◆ **WORK INSTRUCTIONS**
Write out, word for word and with no pictures, each line below from the one containing "BFYNE One Piece" through the one containing "NZ Journal Micayla sml fnls rd1-121.jpg", both included, and no other line.

◆ **DATA RECORDS**
[Start of section]
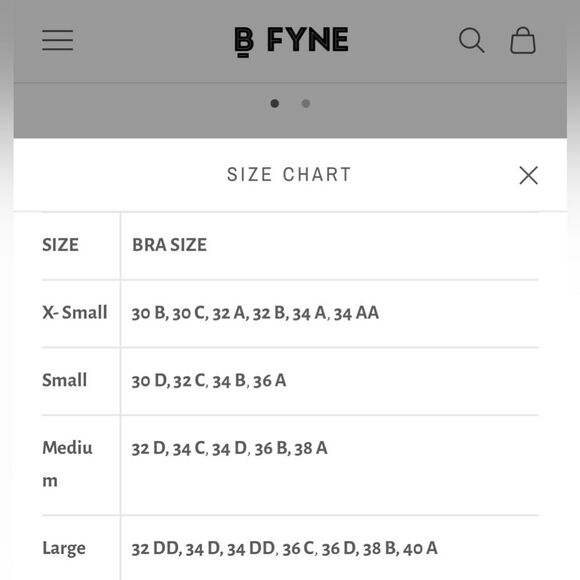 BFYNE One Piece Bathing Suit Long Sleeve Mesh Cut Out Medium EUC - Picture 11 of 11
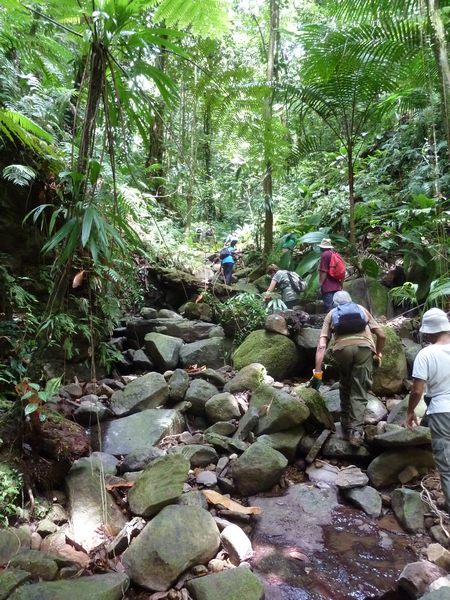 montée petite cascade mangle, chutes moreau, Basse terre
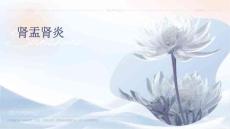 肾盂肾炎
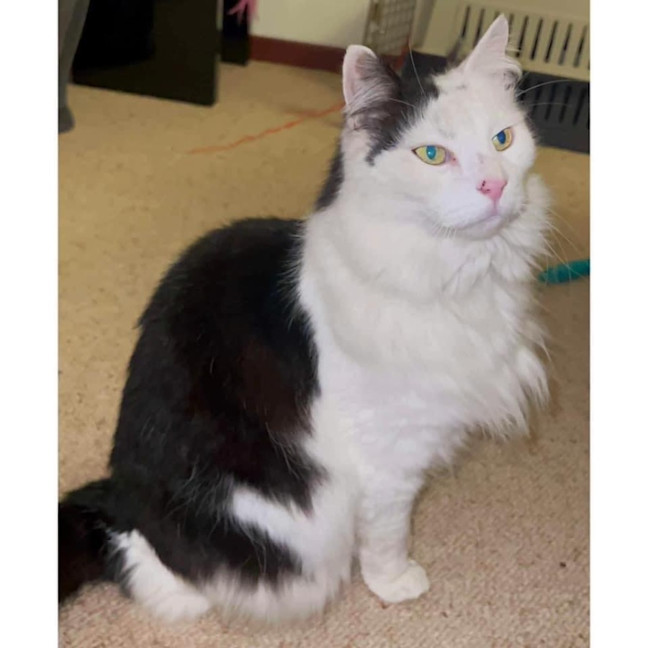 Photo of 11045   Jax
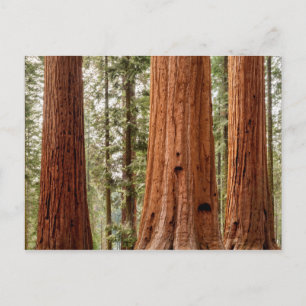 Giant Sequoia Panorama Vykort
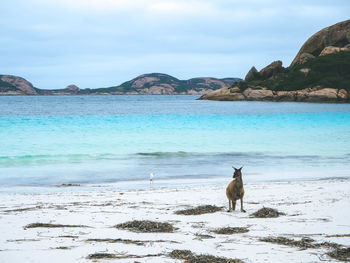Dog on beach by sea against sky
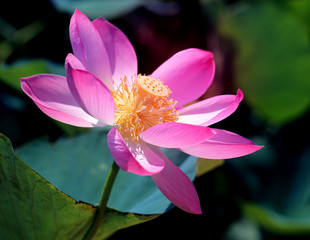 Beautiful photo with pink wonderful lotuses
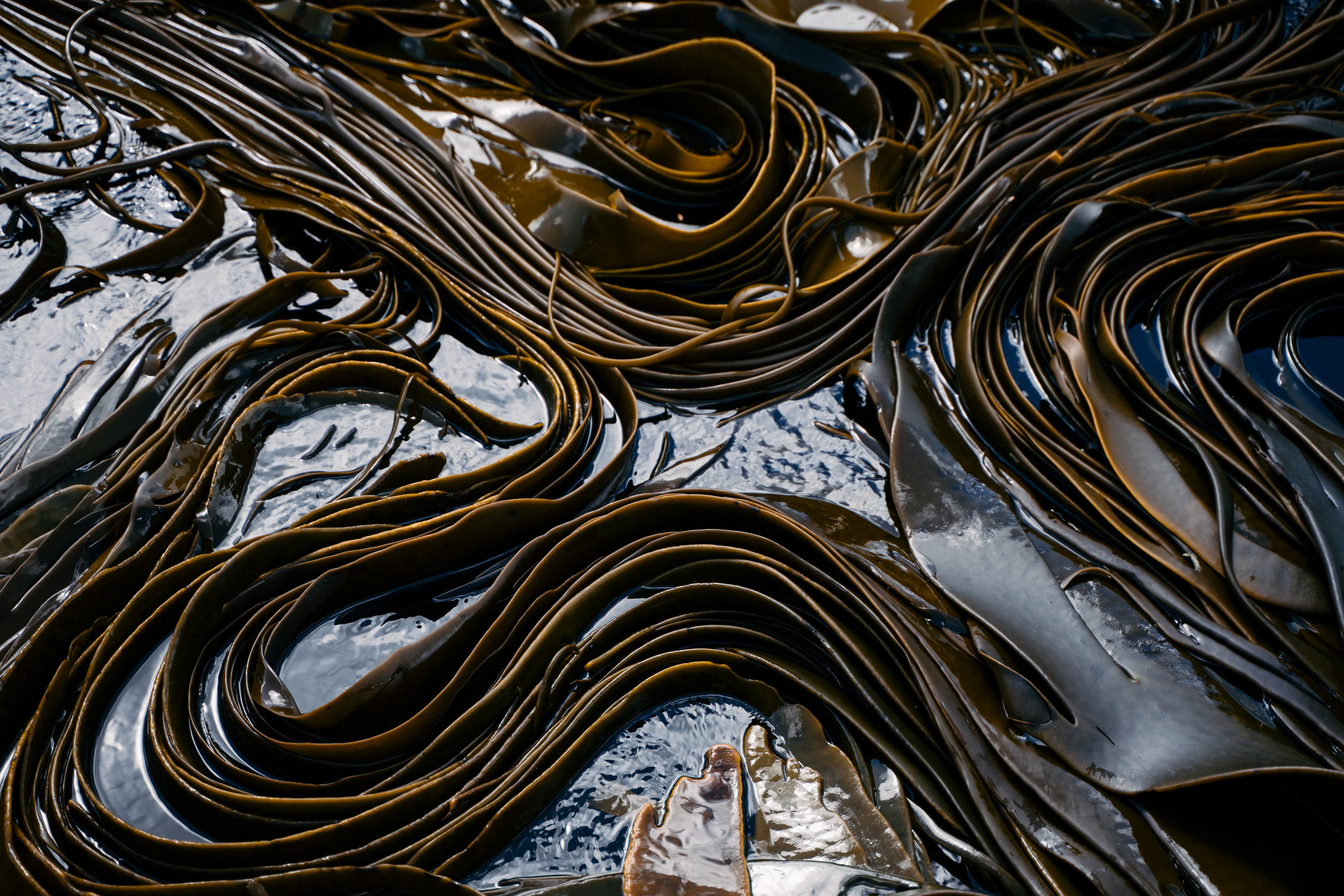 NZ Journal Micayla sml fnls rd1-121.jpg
[End of section]
[Start of section]
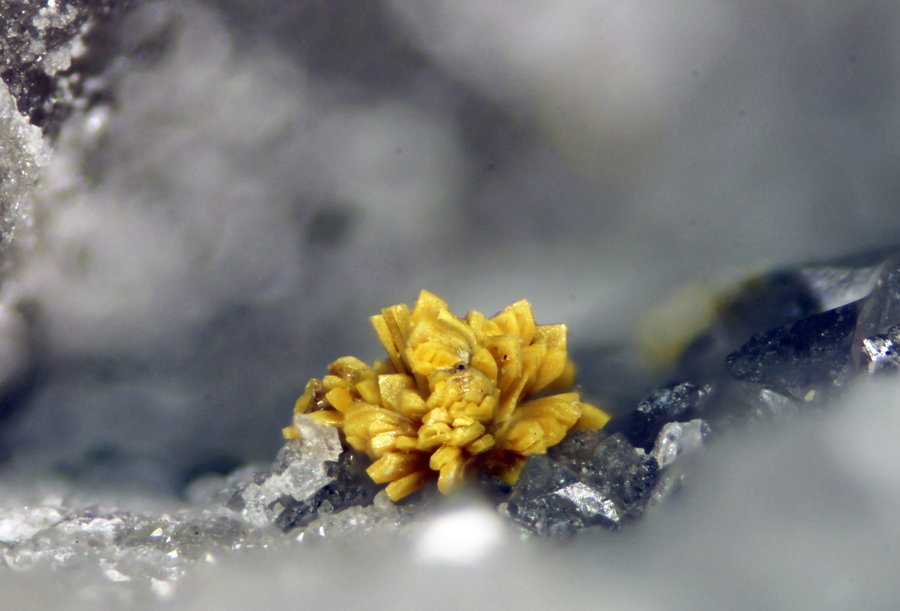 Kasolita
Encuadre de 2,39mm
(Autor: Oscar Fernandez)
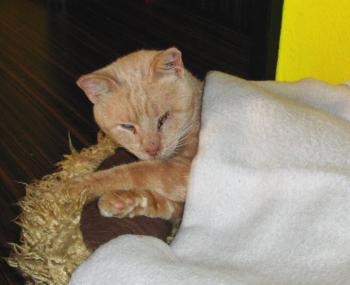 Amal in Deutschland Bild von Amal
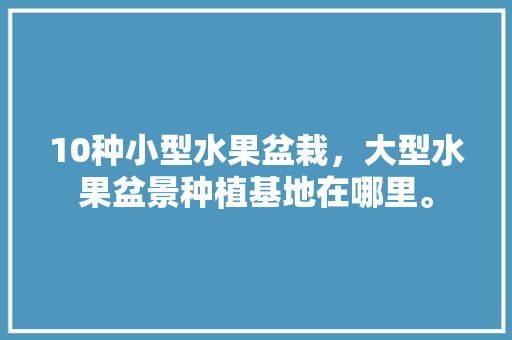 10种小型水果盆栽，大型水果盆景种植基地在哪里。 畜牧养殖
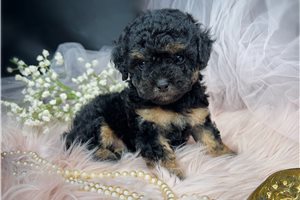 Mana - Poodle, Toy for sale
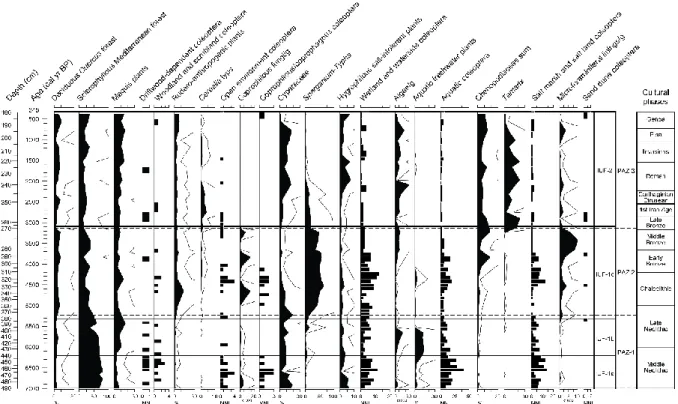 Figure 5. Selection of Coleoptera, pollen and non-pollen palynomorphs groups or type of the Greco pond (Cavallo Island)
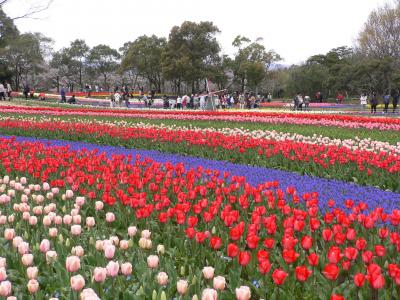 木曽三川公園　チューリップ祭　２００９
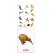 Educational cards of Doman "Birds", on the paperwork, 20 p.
[End of section]
[Start of section]
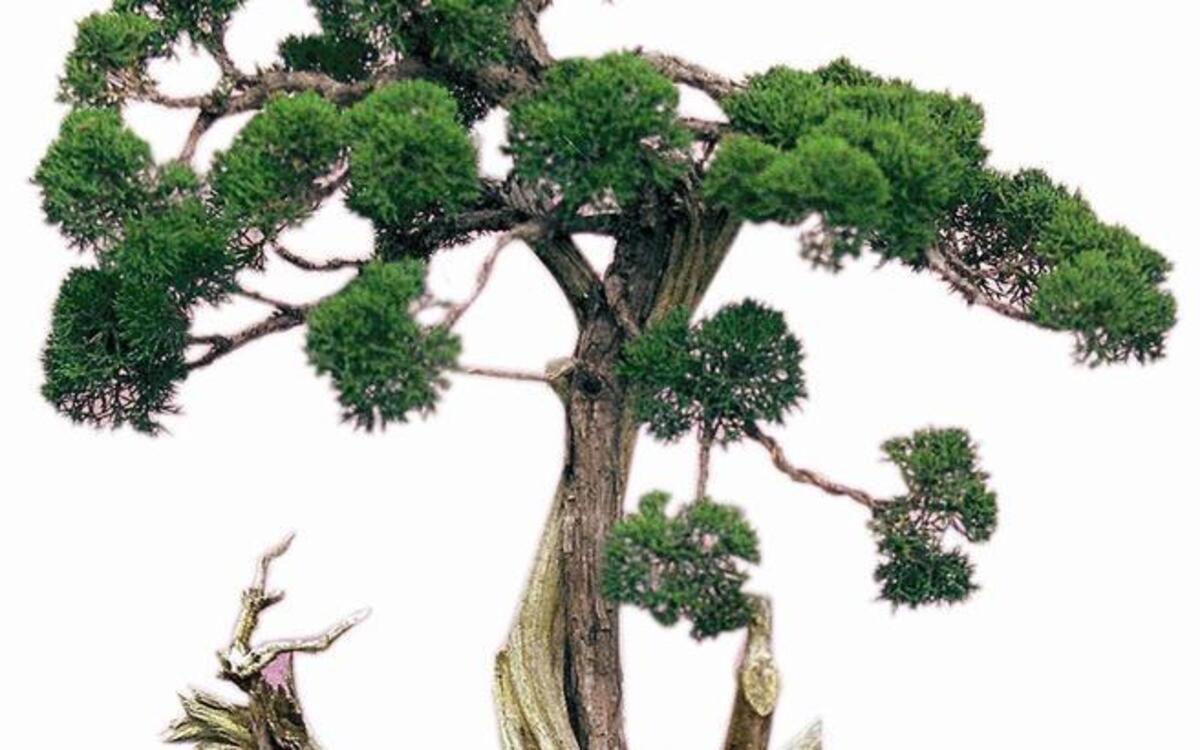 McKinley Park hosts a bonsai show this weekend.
[End of section]
◆ **RESPONSE**
 BFYNE One Piece Bathing Suit Long Sleeve Mesh Cut Out Medium EUC - Picture 11 of 11
 montée petite cascade mangle, chutes moreau, Basse terre
 肾盂肾炎
 Photo of 11045   Jax
 Giant Sequoia Panorama Vykort
Dog on beach by sea against sky
 Beautiful photo with pink wonderful lotuses
 NZ Journal Micayla sml fnls rd1-121.jpg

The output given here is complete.